Nope. Genetic engineering works far, far better. We've already plucked the low hanging fruit of adequate nutrition, early education, salt iodization, and lead reduction. Anyway, those reduce mental retardation, they don't improve the baseline too much. And the Flynn effect looks to be slowing or reversing. 50 IQ points is huge. It's the difference between a burger flipper and a physics professor. The change to the world when the average 5th grader is mastering chromodynamics is hard to even contemplate.
People in Flint, Michigan still don't have clean water. Lots of other folks in the world also don't have clean water. Doesn't that seem like an easier thing to fix than trying out experimental therapies?
The gist of it is, in 1970 someone asked a director of NASA why billions of dollars were being spent on exploring space when millions of children were still dying on Earth. The response in part explained that NASA's R&D was paving the way for satellites with better weather forecasting, better communications, and better equipment that was making its way into people's everyday lives. While a bit morbid to say, the advancements made by NASA have arguably saved many more lives in the long run.
It's hard to see the point in investing in experimental technology whose payoff is unknown, especially when we have definite problems with feasible solutions. That doesn't mean we shouldn't try. The possible payoffs - cancer cures, age prolongation, enhanced food production, disease and sickness prevention - that can come from investing in gene therapies are just too great to ignore.
As a side-thought, the technological singularity is thought of as the point at which we create an AI smarter than us, triggering a run-away effect of self-improvement. What if we end up doing it to our own race first through intelligence-improving gene modification? Can you imagine the implications of applying that intelligence to solving the rest of our problems?
And if you're interested in helping people in places that don't have access to these things that salt ionization is almost certainly the thing to work on first.
It's untested in the sense that no genetic engineering has been done in humans, yes. (Unless you count gene therapy to cure disease, which is fairly different.)
However, there are some pretty strong reasons to think it would work, at least if we're just talking about improving within the typical range of human ability. Going to the extremes of existing ability and beyond is probably possible too, but there are more unexpected problems that could exist.
People are talking more about 15 point gains through embryo selection now rather than 50 point gains. The later might be possible at some point but even the former isn't quite within the grasp of current science.
There are tests that don't use a standard deviation of 15. Feynman might have done, for example, the Cattell Culture Fair Intelligence Test[1], which has a standard deviation of 24.
Ability isn't well distributed to where it can have a maximal benefit in a given field. It's often said that people as smart as Einstein (and Feynman) are currently living and dying on subsistence living farms.
What hasn't been said, but is equally true, is that people as capable in physics as Einstein as currently working as waitresses in No Where, Idahoe. Or they're slaving away as bit-actors in Hollywood because that's what they love.
Or they're sitting behind a computer, typing away on HN, never to know that they're potentially amazing theoretical physicists simply because their 7th grade teacher turned them off to the idea of physics in general so they studied computer science instead.

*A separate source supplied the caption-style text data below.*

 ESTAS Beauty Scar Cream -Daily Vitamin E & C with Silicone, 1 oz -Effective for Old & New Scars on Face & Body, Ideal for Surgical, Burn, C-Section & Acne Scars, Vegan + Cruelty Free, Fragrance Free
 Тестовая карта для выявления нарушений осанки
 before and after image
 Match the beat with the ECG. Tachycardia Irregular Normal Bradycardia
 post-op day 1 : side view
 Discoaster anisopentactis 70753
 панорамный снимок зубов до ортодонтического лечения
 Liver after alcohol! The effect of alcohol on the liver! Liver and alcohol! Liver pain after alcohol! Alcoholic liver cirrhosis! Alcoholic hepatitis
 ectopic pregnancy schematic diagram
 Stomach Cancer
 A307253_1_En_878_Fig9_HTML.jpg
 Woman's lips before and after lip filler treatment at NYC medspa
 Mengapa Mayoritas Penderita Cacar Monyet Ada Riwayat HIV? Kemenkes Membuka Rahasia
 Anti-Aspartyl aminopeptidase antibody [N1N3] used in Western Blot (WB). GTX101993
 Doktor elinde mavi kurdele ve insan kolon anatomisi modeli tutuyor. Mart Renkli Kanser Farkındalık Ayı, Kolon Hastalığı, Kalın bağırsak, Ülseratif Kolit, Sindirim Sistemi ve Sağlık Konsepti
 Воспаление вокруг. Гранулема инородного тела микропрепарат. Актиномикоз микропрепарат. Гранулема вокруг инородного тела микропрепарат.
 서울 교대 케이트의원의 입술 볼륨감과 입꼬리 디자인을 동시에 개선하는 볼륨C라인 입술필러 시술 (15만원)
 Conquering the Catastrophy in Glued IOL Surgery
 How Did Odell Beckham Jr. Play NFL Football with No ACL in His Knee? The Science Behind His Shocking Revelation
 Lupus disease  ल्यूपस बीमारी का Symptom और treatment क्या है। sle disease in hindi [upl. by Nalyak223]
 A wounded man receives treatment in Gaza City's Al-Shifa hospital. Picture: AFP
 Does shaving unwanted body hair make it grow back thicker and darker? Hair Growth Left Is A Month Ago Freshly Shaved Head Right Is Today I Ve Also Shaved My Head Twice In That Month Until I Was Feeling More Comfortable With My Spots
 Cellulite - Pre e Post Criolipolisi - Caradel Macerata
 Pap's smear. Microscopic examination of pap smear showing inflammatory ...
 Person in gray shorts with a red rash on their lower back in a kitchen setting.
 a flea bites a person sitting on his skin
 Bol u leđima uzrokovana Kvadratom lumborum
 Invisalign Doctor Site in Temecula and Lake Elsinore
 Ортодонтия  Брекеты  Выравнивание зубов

Until there's some kind of test that tells you your aptitudes at very subject, you'll always have people pick suboptimal paths to excellency and something other than what they absolutely theoretically could have been best at.
> 50 IQ points is huge. It's the difference between a burger flipper and a physics professor. The change to the world when the average 5th grader is mastering chromodynamics is hard to even contemplate.
Not impossible but much, much, much more plausible with embryos. Modifying billions of neurons is a very, very tall order, and would likely be much less effective after the brain is grown. Embryo selection and modification are almost doable now, we just don't know which alleles to select for or edit in. A gift you can give your children but one you are unlikely to be able to get for yourself.
If genetic boosting is actually possible and not fringe bullshit, it's way faster than socioeconomic fixes, which seem to take 10 years per 3 iq points.